L’ancien ministre, aujourd’hui proche de l’opposition, serait cité comme présumé commanditaire de l’incendie du siège du Parti démocratique gabonais (PDG) à Mouila, survenu à la suite de la publication des premiers résultats de la présidentielle d’août 2016.

Jean Norbert Diramba, l’ancien DG du Spin, cité dans l’incendie du siège du PDG à Mouila. © D.R.

 

Il aurait été cité par Eugène Emilien Koumba Papy, Guy-Roger Moukaga et un certain Ndossi, présentés par les sites Pressegabon.com et Africtelegraph.com, proches du pouvoir, comme frère et neveux de l’ancien ministre et sénateur ayant rejoint l’opposition.
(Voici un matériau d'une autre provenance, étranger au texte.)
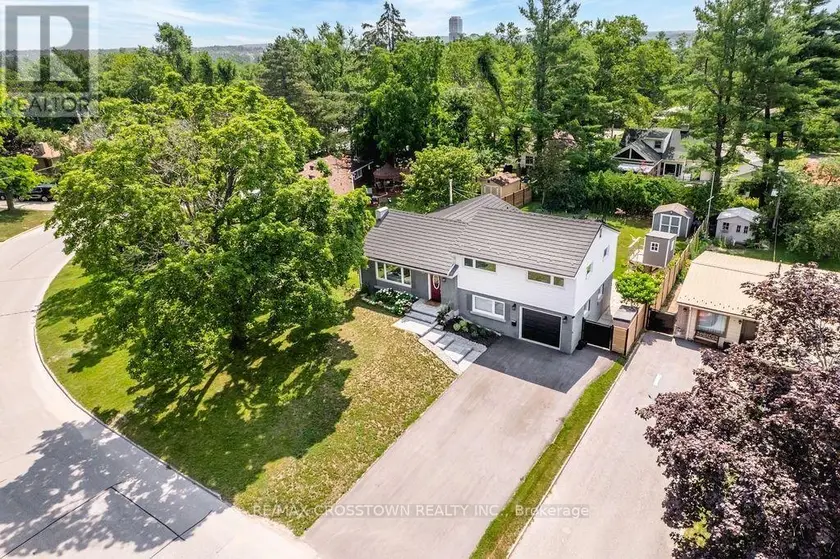 Detached at 11 CASTLE DRIVE, Barrie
Assigné à résidence selon des rumeurs, Jean Norbert Diramba serait sous le coup d’une enquête de la police judiciaire (PJ), censée déterminer s’il est le véritable commanditaire de l’incendie du siège du PDG à Mouila, survenu à la suite de la proclamation des premiers résultats de la présidentielle du 27 août 216.

Proche de Guy Nzouba Ndama, allié de Jean Ping lors de cette élection, l’ancien directeur général démissionnaire de la Société de patrimoine des infrastructures numériques (Spin), dit-on, n’avait pas goûté la défaite de son candidat, et aurait décidé de se venger sur la représentation locale du parti que représentait le vainqueur du scrutin, Ali Bongo. C’est en tout cas, ce que semble croire des sources, qui rapportent que dans le véhicule du neveu («qui roule au gazole»), la PJ aurait découvert un bidon d’essence et un autre contenant de l’eau.

Si le témoignage de Guy-Roger Moukaga, arrêté le soir de l’incendie, aurait permis de mettre la puce à l’oreille des enquêteurs, les propos du neveu, Papy, auraient été déterminants pour la mise en cause de Jean Norbert Diramba. «C’est tonton Jean qui m’a donné l’argent pour acheter l’essence», aurait lâché Eugène Emilien Koumba Papy, à en croire Africtelegraph.com. Selon nos confrères, «les suspects ont avoué avoir planifié l’attaque du bureau du PDG (…) dans la villa du sieur Diramba». Mieux, croit savoir Pressegabon.com, Jean Norbert Diramba aurait «tout fait pour sortir son neveu de la cellule» sans le consentement du procureur de la République, avant que celui-ci ne soit rattrapé à nouveau par la PJ.